> [TASK]:
In the entries that follow, the lines from the one with "The next step" through the one with "So at this point, just" are the ones to write out, exactly and with both ends included. Nothing else should appear.

(DATA PROVIDED)

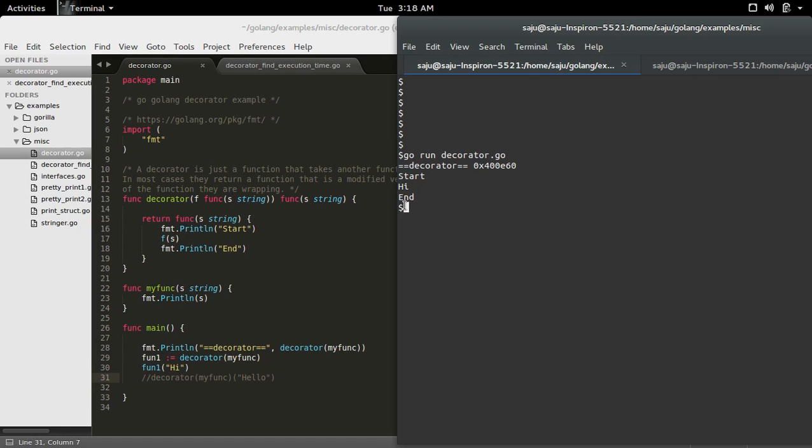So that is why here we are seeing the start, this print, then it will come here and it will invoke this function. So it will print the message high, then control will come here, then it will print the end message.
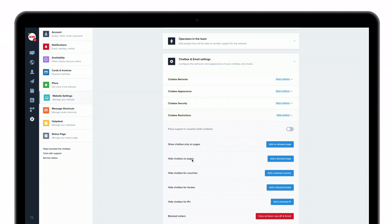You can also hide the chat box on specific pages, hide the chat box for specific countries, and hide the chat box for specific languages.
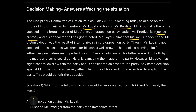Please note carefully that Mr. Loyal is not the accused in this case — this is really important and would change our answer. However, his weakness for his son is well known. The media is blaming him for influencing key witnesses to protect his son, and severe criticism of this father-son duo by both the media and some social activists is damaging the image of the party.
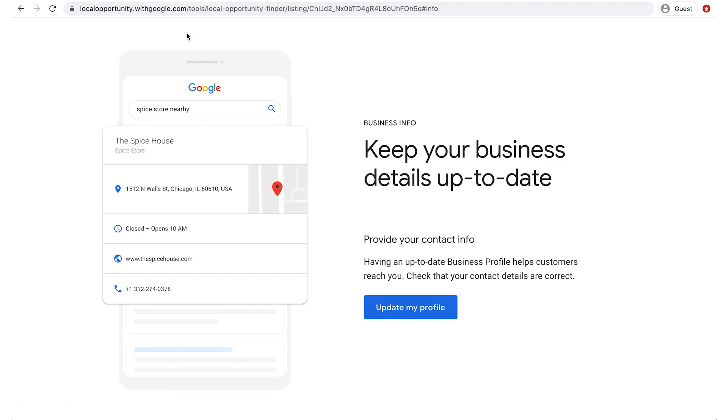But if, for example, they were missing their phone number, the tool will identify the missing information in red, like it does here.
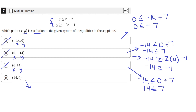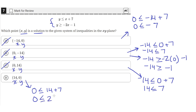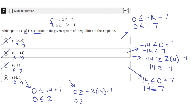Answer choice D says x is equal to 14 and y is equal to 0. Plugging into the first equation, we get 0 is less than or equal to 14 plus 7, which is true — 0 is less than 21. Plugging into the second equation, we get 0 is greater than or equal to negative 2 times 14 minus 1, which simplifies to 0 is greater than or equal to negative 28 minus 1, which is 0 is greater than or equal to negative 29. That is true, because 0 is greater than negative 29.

(End DATA PROVIDED)
(DATA PROVIDED)

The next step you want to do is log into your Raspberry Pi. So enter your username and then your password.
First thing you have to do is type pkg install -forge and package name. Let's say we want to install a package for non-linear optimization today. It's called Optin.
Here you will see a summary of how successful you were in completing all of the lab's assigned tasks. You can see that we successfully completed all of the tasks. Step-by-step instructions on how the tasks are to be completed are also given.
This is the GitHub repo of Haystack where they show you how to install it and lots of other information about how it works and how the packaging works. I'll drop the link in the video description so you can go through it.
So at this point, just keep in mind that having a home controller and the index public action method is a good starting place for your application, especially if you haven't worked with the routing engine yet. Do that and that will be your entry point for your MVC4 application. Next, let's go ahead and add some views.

(End DATA PROVIDED)
(DATA PROVIDED)

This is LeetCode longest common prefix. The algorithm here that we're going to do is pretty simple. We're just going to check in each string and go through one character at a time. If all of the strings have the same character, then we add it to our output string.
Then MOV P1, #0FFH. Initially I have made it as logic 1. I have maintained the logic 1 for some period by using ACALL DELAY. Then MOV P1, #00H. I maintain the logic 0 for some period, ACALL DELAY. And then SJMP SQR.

(End DATA PROVIDED)

> [EXERCISE ANSWER]:
The next step you want to do is log into your Raspberry Pi. So enter your username and then your password.
First thing you have to do is type pkg install -forge and package name. Let's say we want to install a package for non-linear optimization today. It's called Optin.
Here you will see a summary of how successful you were in completing all of the lab's assigned tasks. You can see that we successfully completed all of the tasks. Step-by-step instructions on how the tasks are to be completed are also given.
This is the GitHub repo of Haystack where they show you how to install it and lots of other information about how it works and how the packaging works. I'll drop the link in the video description so you can go through it.
So at this point, just keep in mind that having a home controller and the index public action method is a good starting place for your application, especially if you haven't worked with the routing engine yet. Do that and that will be your entry point for your MVC4 application. Next, let's go ahead and add some views.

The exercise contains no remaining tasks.